(Extracted entries begins)
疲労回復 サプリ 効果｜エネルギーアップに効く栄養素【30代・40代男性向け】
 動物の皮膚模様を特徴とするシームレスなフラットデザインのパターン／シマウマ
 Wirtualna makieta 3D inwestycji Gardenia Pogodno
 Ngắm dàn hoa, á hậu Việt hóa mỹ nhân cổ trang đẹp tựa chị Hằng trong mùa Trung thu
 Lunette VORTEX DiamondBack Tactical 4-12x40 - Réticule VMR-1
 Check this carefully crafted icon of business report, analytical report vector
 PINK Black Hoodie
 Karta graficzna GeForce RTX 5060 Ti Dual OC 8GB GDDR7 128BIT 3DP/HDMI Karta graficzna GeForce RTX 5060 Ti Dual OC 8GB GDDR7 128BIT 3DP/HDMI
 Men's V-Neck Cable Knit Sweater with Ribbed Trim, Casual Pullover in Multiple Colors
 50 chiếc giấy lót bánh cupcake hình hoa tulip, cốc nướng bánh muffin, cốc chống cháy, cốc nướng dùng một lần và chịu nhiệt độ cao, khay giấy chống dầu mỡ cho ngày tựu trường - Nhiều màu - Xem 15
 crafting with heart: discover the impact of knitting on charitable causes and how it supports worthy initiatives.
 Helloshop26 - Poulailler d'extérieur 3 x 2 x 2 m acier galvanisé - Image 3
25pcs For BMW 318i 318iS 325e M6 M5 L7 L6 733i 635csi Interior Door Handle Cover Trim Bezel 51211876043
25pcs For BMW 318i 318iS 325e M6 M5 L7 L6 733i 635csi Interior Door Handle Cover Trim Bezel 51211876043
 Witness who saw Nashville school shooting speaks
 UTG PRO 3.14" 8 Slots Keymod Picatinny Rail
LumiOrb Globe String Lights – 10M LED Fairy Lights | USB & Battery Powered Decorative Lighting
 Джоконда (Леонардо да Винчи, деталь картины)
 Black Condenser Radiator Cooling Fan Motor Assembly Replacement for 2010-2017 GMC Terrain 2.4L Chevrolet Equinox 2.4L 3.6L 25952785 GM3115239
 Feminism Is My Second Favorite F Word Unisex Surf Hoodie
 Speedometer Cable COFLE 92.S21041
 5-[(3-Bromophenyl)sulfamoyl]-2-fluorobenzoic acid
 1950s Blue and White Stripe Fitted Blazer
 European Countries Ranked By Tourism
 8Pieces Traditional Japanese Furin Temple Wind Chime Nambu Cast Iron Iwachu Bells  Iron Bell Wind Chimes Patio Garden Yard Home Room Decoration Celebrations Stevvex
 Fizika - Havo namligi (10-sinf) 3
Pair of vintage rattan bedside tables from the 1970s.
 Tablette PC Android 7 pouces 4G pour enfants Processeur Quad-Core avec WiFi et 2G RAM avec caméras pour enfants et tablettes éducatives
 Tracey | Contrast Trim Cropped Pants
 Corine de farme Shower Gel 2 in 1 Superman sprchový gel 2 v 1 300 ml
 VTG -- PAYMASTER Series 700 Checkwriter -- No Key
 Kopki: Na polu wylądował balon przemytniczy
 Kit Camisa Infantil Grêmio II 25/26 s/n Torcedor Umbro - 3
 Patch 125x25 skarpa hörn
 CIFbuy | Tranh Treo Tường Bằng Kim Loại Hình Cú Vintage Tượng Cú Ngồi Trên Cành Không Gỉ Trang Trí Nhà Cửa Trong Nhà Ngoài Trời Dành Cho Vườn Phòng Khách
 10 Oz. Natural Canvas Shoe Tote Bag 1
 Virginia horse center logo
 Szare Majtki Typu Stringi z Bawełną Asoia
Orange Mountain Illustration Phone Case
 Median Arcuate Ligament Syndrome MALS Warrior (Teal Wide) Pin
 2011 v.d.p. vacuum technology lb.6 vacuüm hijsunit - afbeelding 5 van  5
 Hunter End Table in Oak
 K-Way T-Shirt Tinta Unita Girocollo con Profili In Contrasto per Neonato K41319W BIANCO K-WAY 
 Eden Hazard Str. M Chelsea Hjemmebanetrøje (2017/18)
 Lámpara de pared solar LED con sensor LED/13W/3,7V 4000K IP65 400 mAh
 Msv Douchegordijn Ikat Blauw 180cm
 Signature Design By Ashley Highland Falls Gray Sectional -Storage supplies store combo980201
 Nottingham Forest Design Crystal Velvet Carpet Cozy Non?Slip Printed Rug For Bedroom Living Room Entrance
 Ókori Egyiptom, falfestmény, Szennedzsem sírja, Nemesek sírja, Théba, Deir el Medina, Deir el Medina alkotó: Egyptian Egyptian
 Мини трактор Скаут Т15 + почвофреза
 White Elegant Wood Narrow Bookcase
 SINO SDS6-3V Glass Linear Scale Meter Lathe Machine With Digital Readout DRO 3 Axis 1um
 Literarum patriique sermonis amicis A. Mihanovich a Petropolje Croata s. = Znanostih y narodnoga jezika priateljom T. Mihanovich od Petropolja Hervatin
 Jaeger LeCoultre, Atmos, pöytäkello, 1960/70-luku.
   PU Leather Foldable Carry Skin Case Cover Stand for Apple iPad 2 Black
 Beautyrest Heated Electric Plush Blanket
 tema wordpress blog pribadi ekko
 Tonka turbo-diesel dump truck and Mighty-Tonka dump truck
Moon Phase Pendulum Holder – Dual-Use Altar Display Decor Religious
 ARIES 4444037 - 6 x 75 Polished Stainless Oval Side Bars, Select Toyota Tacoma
(Extracted entries ends)
What is required >> A single figure must be given: how many lines of the records above include the string "Hoodie".

Solution to the problem >> 2